During its journey across the Atlantic, this clue appears to have opted for a more American look - with disastrous results. The clue, as it originally appeared in the UK, should be:

8a Romanticise about antievolutionary theory of the universe (11)

26d Achievement

The numeration missing from the end should be a dead give-away that this clue has been truncated - although, I admit, my first thought was that it must be some sort of clever one-word & lit. clue. The clue in full is:

26d Achievement of female before lunch? (4)

This error reminds me of a report that I once read concerning frequent instances of truncated articles in newspapers. The item concluded along the lines of "In response to reader criticism, one editor stated that his paper was addressing this problem by taking steps to".

Today's Glossary

Some possibly unfamiliar abbreviations, people, places, words and expressions used in today's puzzle

maiden (abbreviation M) - noun 3 (also maiden over) Cricket an over in which no runs are scored.

masher - Etymology 2 noun 2. a fashionable man, a dandy, a fop

slag - verb 2 (often slag off) Brit. informal criticize abusively

smasher - noun 2 Brit. informal a very attractive or impressive person or thing

Territorial Army (abbreviation TA) - noun in the UK: a fully trained volunteer force intended to provide back-up to the regular army in cases of emergency.

tosh - noun Brit. informal rubbish; nonsense

Today's Links

Gazza's review of today's puzzle may be found at Big Dave's Telegraph Crossword Blog [DT 26085].

In case you are wondering, the yawning man illustrating clue 19a in Gazza's review is (I believe) Boris Johnson, mayor of London, England.

Commentary on Today's Puzzle

23a Take out love maiden with oomph (4)

I (as did at least one visitor to Big Dave's site) would take issue with OMIT meaning "take out". I am quite sure it means "leave out".

27a Stylish fellow given payment, a paltry amount (11)

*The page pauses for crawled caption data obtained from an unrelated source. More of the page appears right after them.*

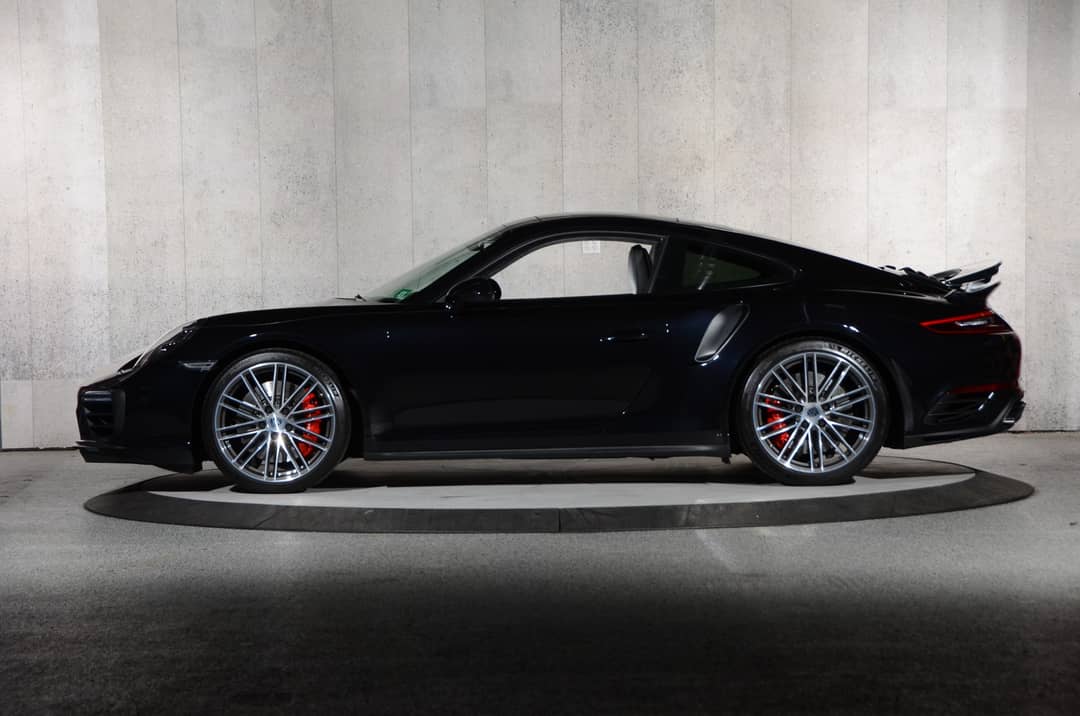 2018 Porsche 911 Turbo — photo 7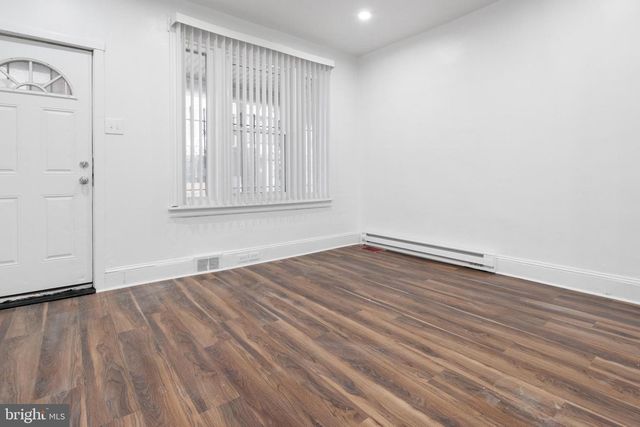 916 E SCHILLER ST, Philadelphia, PA 19134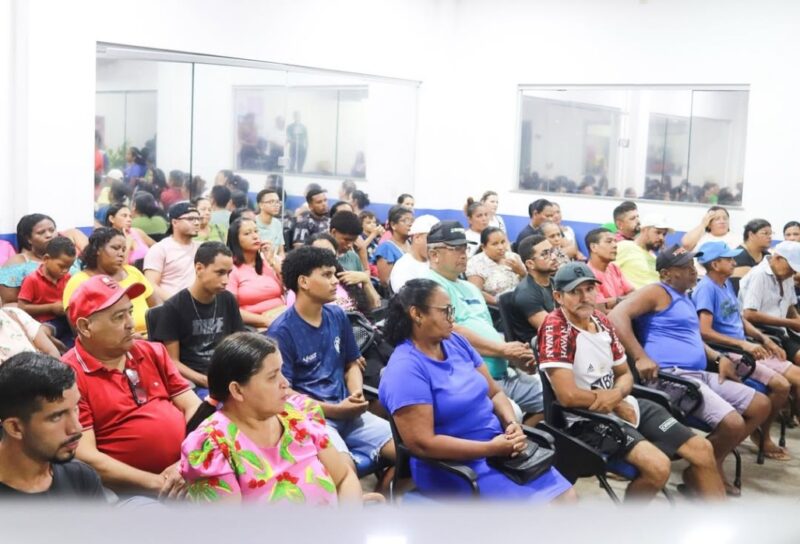Prefeitura de São Miguel do Guamá realiza entrega gratuita de óculos e RGs à população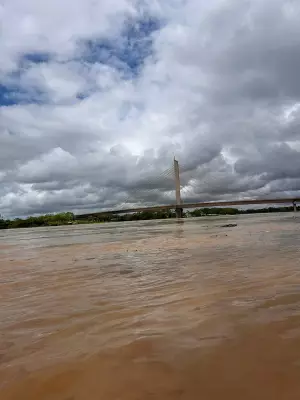 Rio Juruá transborda pela quarta vez em Cruzeiro do Sul, Acre, afetando milhares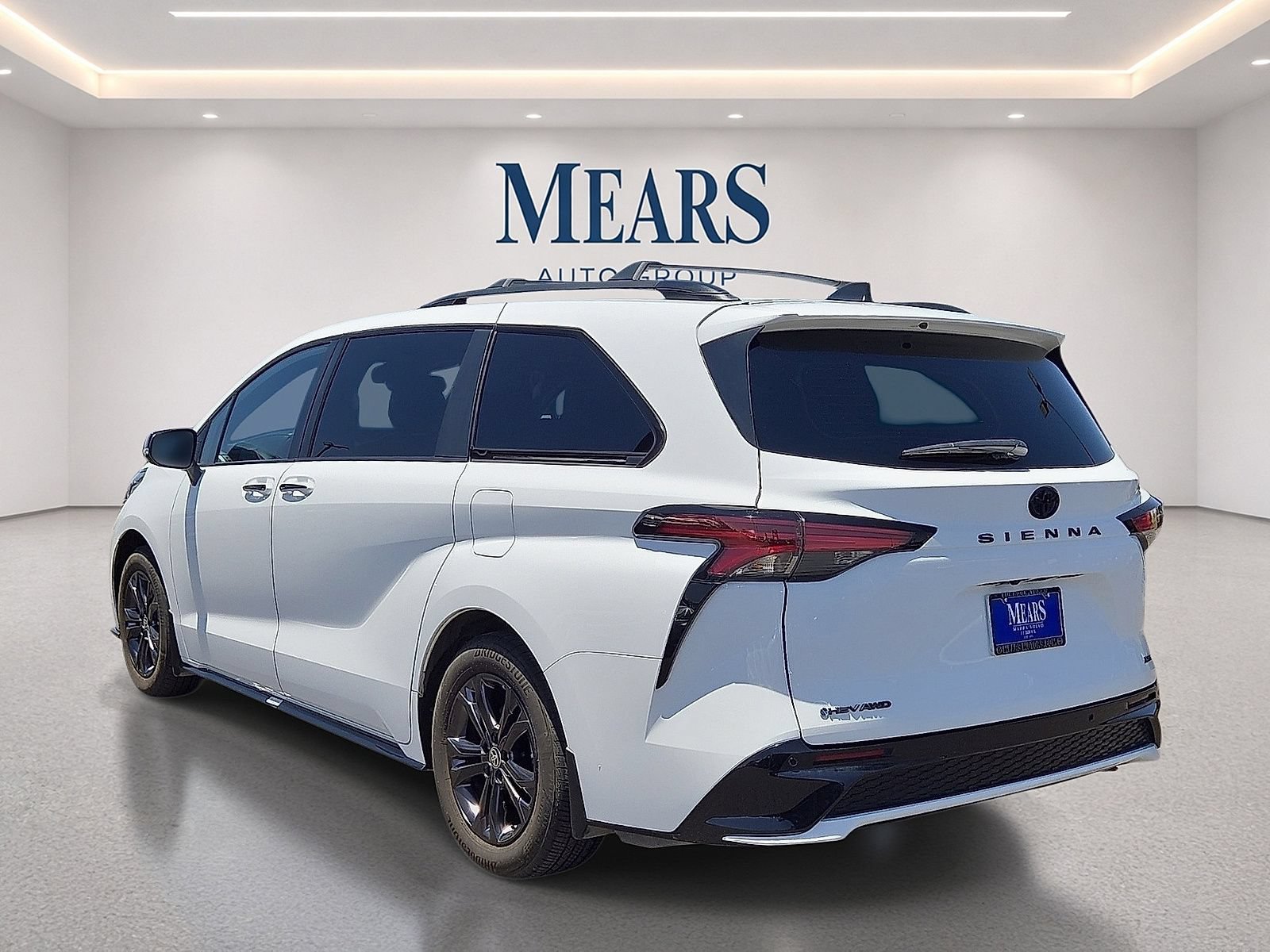 Used 2025 Toyota Sienna XSE w/ XSE Premium Package AWD/4WD image 3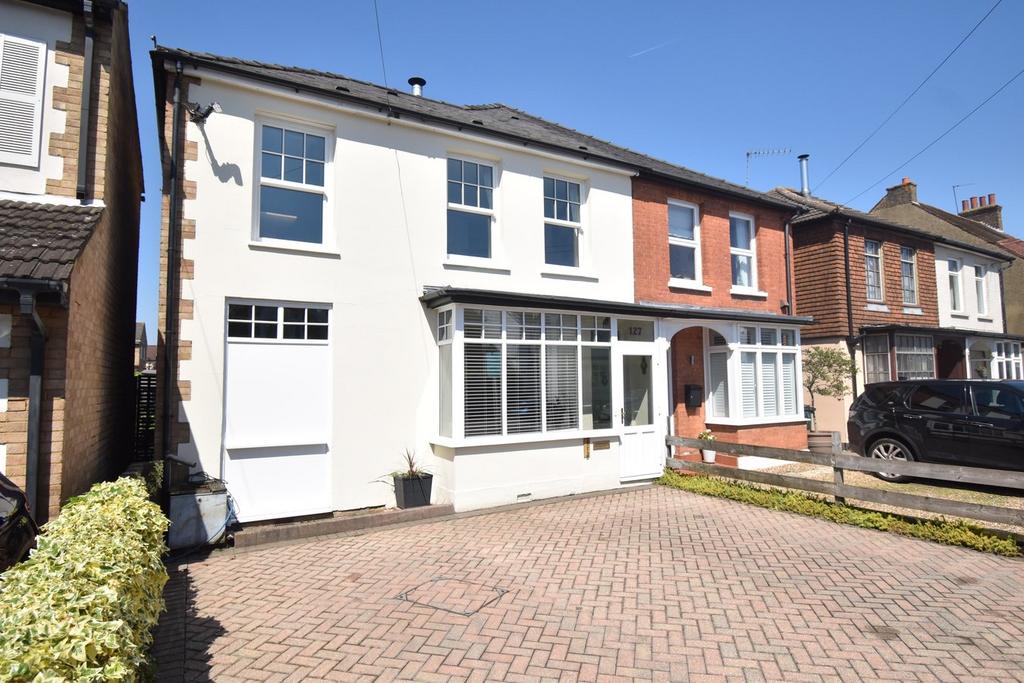 Molesey Road, Hersham, KT12 3 bed semidetached house for sale £567,000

A visitor to Big Dave's site points out that "paltry" sounds like poultry (perhaps more or less so, depending on the accent of the speaker) which adds a further dimension to this clue.

Signing off for today - Falcon

1 comment:

  1. Yes, it's Boris - almost certainly snapped yawning at the wrong moment. And 23 does push things a bit far with "omit" for the sake of the surface.